A semiconductor substrate having a light receiving portion and a charge transfer portion;
A transfer electrode disposed on the charge transfer unit;
A first metal film disposed on the transfer electrode and connected to the transfer electrode;
The first metal film has one or more metal layers each having a small grain size and one metal layer having a large grain size.   2. The semiconductor device according to claim 1, wherein a film thickness of the metal layer having a large grain size is larger than a film thickness of the metal layer having a small grain size.   The semiconductor device according to claim 1, wherein a second metal film is disposed on the first metal film via an insulating film.   4. The semiconductor device according to claim 3, wherein the second metal film has one or more metal layers each having a small grain size and a metal layer having a large grain size.   The semiconductor device according to claim 3, wherein the second metal film functions as a shunt wiring.   The semiconductor device according to claim 1, wherein a color filter layer is disposed on the light receiving portion via a transparent insulating film.   The semiconductor device according to claim 1, wherein the first metal film includes a metal layer having a large grain size and a metal layer having a small grain size stacked in this order. .   The semiconductor device according to claim 1, wherein the first metal film includes a metal layer having a small grain size and a metal layer having a large grain size stacked in this order. .   7. The first metal film according to claim 1, wherein a metal layer having a large grain size, a metal layer having a small grain size, and a metal layer having a large grain size are laminated in this order. The semiconductor device according to one. The size of the grains contained in the metal layer having a large grain size is 100 nm or more and 250 nm or less,
10. The semiconductor device according to claim 1, wherein a size of a grain contained in the metal layer having a small grain size is 10 nm or more and 30 nm or less.   The semiconductor device according to claim 1, wherein the first metal film functions as a shunt wiring.   The semiconductor device according to claim 1, wherein the first metal film is made of tungsten.
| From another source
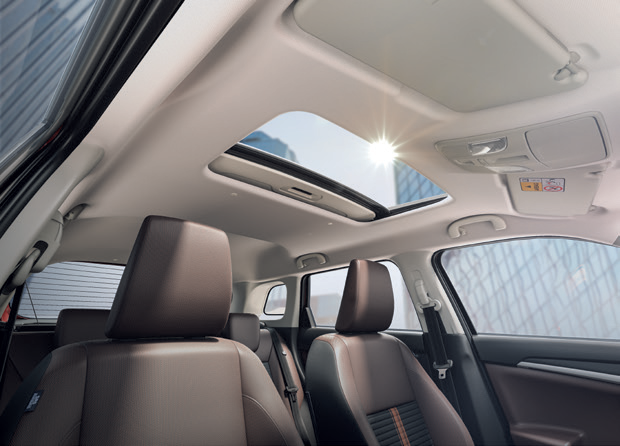 Maruti Suzuki Brezza — Head-up display projecting speed, gear and rpm with turn-by-turn navigation.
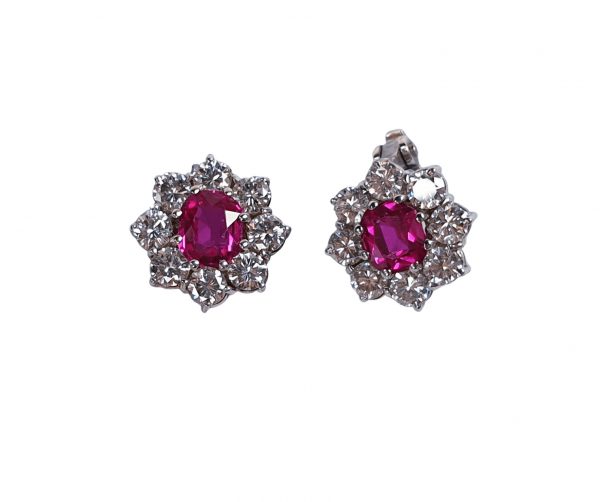 Burmese Ruby and Diamond Flower Cluster Stud Earrings; featuring 1.20cts rubies surrounded by brilliant cut diamonds, in 18ct white gold, Circa 1960s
The semiconductor device according to claim 1, wherein the cell size is 1.3 × 1.3 μm ² . A semiconductor substrate having a light receiving portion and a charge transfer portion;
A transfer electrode disposed on the charge transfer unit;
A first metal film disposed on the transfer electrode and connected to the transfer electrode;
A second metal film disposed on the first metal film via an insulating film;
The semiconductor device according to claim 1, wherein the first metal film and the second metal film are metal layers having different grain sizes.   The semiconductor device according to claim 14, wherein the first metal film is a metal layer having a grain size larger than that of the second metal film. Forming a light receiving portion and a charge transfer portion on a semiconductor substrate (a);
Forming a transfer electrode on the charge transfer portion (b);
A step (c) of forming a first metal film connected to the transfer electrode on the transfer electrode;
The method of manufacturing a semiconductor device, wherein the first metal film has at least one metal layer having a small grain size and one metal layer having a large grain size.   The semiconductor device according to claim 16, wherein the step (c) is a step of forming a metal layer having a larger grain size to have a larger film thickness than a metal layer having a smaller grain size. Manufacturing method.   18. The method of manufacturing a semiconductor device according to claim 16, wherein in the step (c), the metal layer having a large grain size is formed by using a CVD method and an ALD method in this order. Method.